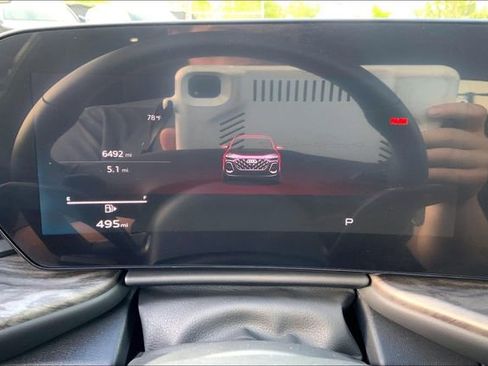 Used 2025 Audi Q5 Premium w/ Convenience Package AWD/4WD image 23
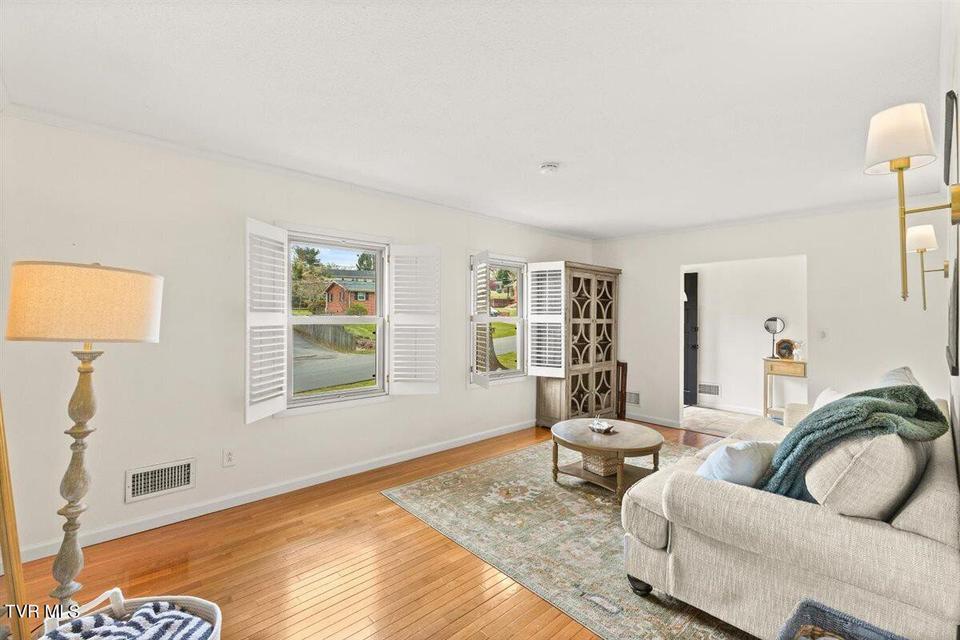 Photo #10: 1405 Woodmont Drive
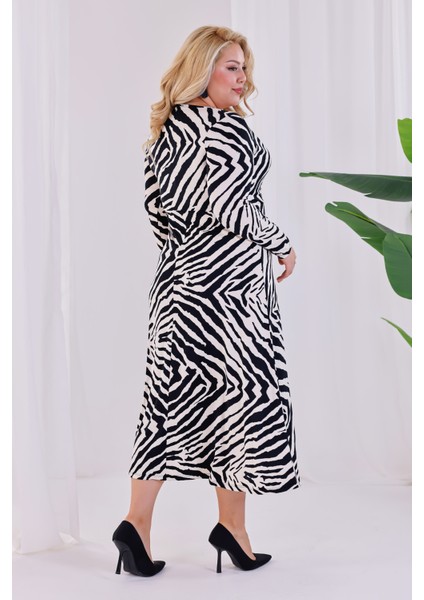 Kadın Siyah Beyaz Zebra Desen Kruvaze Yaka Büyük Beden Esnek Maxi Elbise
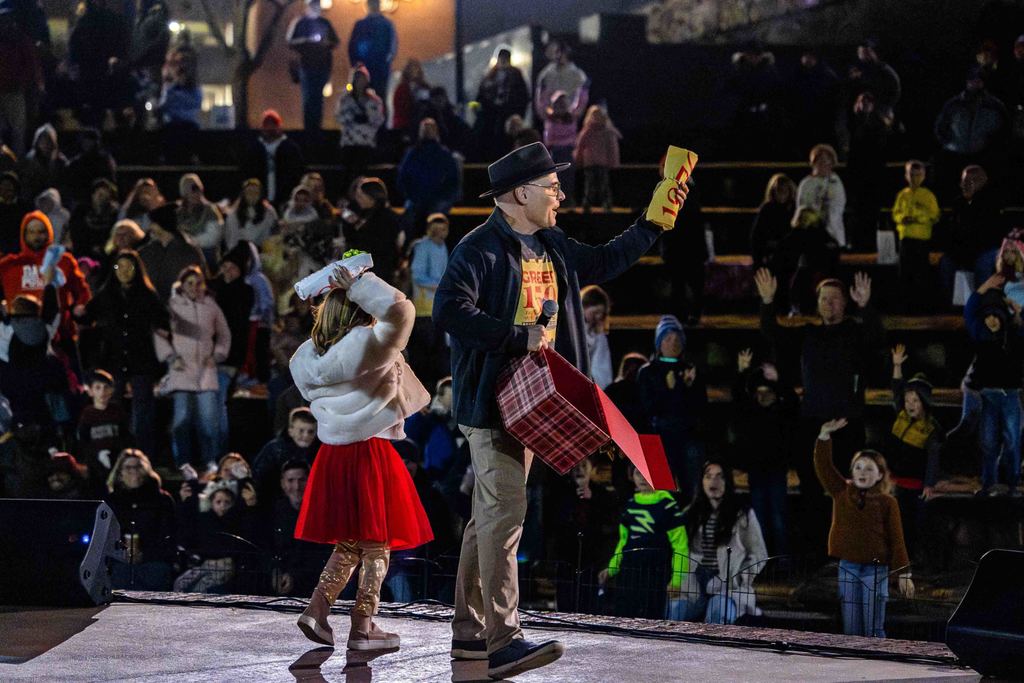 Greer150 Reveal at Greer Christmas Tree Lighting - Museum Director David Lovegrove and the Mayor's Grandaughter throw out Greer150 t-shirts to the crowd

- - - -

• **TASK**
Your output should be only the lines from the line with "Kadın Siyah Beyaz" through the end of the data, exactly as they stand, and no pictures.

• **OUTPUT BELOW**
 Kadın Siyah Beyaz Zebra Desen Kruvaze Yaka Büyük Beden Esnek Maxi Elbise
 Greer150 Reveal at Greer Christmas Tree Lighting - Museum Director David Lovegrove and the Mayor's Grandaughter throw out Greer150 t-shirts to the crowd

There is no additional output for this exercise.